年年岁岁花相似,岁岁年年味不同。
小时候的年味,就是一桌丰盛的年夜饭,一身期盼已久的新衣;长大以后,因为工作的需要,过年守在自己的岗位上,听着爆竹声中一岁除(彼时烟花爆竹没有禁放),心会被一缕乡愁舔舐,年味就像冰糖葫芦,甜中带着酸;现在的我,经过岁月的沉淀,青丝染霜,回家拜年,拥抱父母温暖的怀抱,做个被宠的孩子,年味是满满的幸福。
尽管年味各不相同,但是主打的大众年味是幸福的,祥和的,充满希望的,而承载这种年味的年夜饭上,有一道大菜功不可没——“听话鱼”,寓意年年有余。
我记忆中家乡的年味是从捕鱼开始的。
我们年年能享受捕鱼盛宴,得益于我们村子里的几口鱼塘,严格意义上来说,是我们村的烟火池塘。她见证着家族的繁衍生息,护佑着村民的安居乐业。在那没有自来水的年代,默默尽着一方水土养育一方人的职责。

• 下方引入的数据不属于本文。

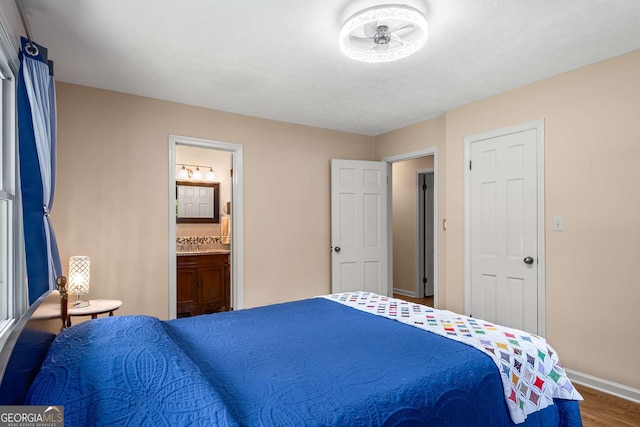 5401 Rosser Rd, Tucker, GA 30087 - bedroom featuring wood finished floors and connected bathroom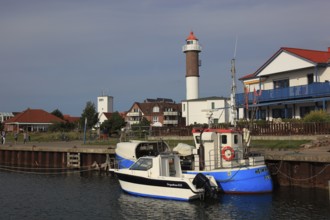 Timmendorf lighthouse on the island of Poel on the Baltic Sea, harbour in the foreground,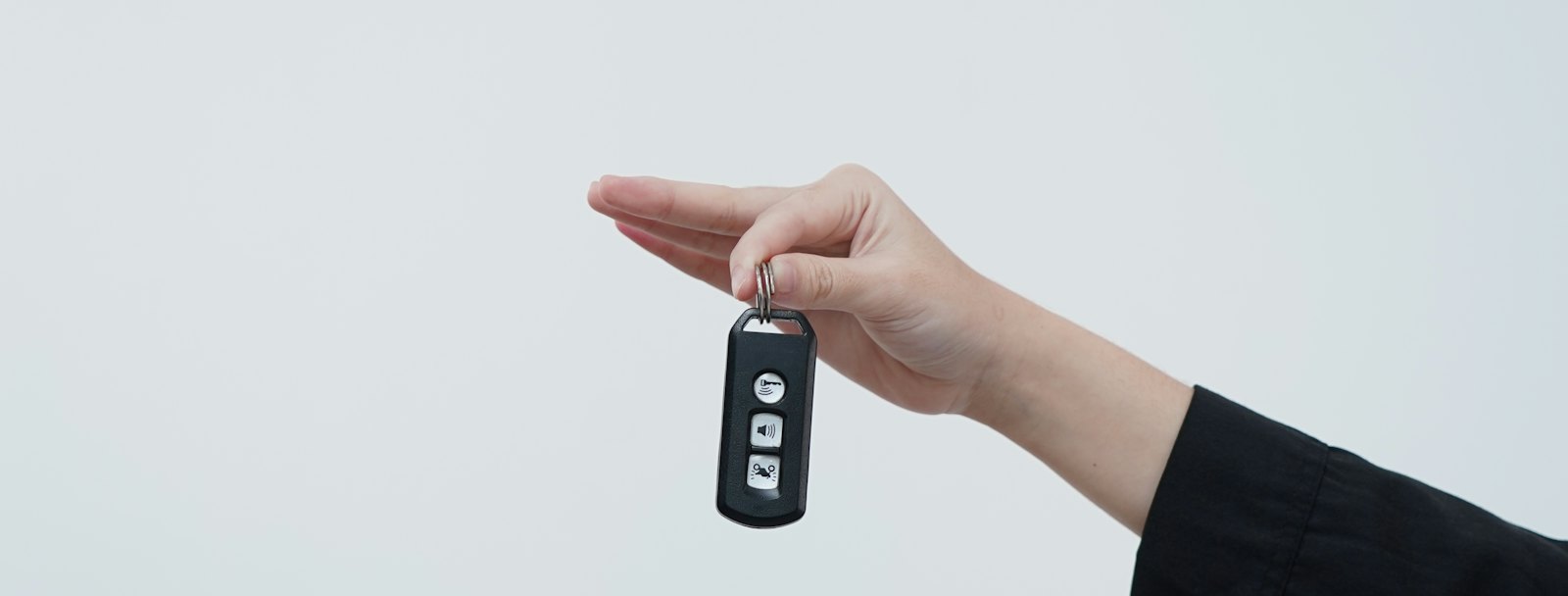 One hand passing a car key to another against a pale background
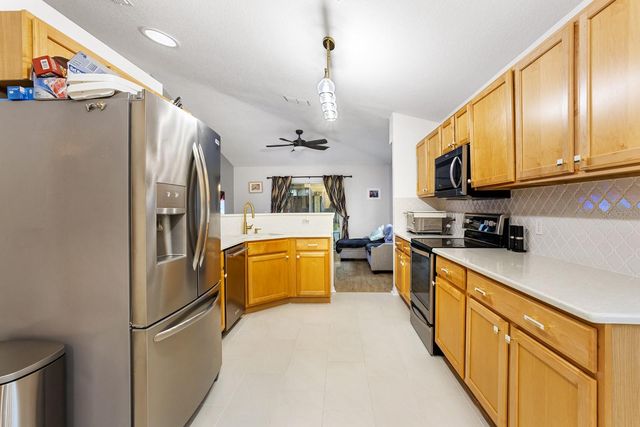 1030 TAWNY EAGLE DRIVE, Groveland, FL 34736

腊月初,村子里的掌舵人——运筹帷幄的屋长,会挑一个风和日丽的日子,请一支业余的、小规模的捕鱼队,来村子里捕年鱼。我们这帮探听到消息的小孩,早早在村口等候捕鱼队,跟着捕鱼队进村,看渔船下水。
一条渔船,两个人作业,一个撑篙夫和一个渔夫。渔夫昂首挺胸立在船头,一手拽着渔网边,另一只手肘上叠着捋顺了的渔网。撑夫一篙点地,船慢慢地驶离岸边,几条船同时向塘中央围拢,撑夫麻利地把篙插进船尾的铁环,垂直插入泥中,牢牢固定渔船,渔夫娴熟地把渔网在空中抛个弧形撒入池塘。
岸边早已围满了人群,大家静心屏气见证收获时刻,渔夫慢慢收网,在网底快要露出水面时,鱼儿急切地在网里拍打,岸上响起一片喝彩声。
渔儿满舱,船撑到岸边,等在岸上挑鱼的劳力工迅速跳进船舱,喜滋滋地把鱼儿抓到箩筐,很快装满筐,挑到晒稻场。
稻场闲置了一个冬天,显得空荡。
挑来的鱼儿一倒在稻场中央,温暖的阳光照在鱼身上银光闪闪,稻场上的气氛瞬间活跃起来,全村老少看着鱼儿每人都兴奋着,幸福着。
半下午时分,捕鱼结束,开始分鱼到每家每户。分鱼也是一个比较细致的活儿,分鱼之前先要挑选个头大的鱼做股子鱼,一户一条先摆好,剩下的鱼配秤用。
分鱼分为两个工作组——摸阄组和秤鱼组。这个阄有点意思,阄上不写编号,只写户主名称和家庭人口数,分鱼是按人口分。摸阄人在口袋里摸出一个来,递给唱阄人,唱阄的对着秤鱼组高喊这一秤是几口人的,秤鱼组的马上拎上一条股子鱼,这个股子鱼是按摆放的顺序拿,再在另一堆鱼里麻利抓起小一点的鱼配到指定的重量,待鱼秤好了,唱阄的再大声喊出户主姓名,户主及家人就喜洋洋地把鱼抬回家。
做这样的阄分鱼是智慧的,避免了人情秤。
小孩子总是有好奇心,爱凑热闹,趁唱阄人开阄的片刻,挤着脑袋插进他的怀里偷看户主信息,你只要看到谁家孩子去到秤边也就知道这一秤鱼将是谁家的了。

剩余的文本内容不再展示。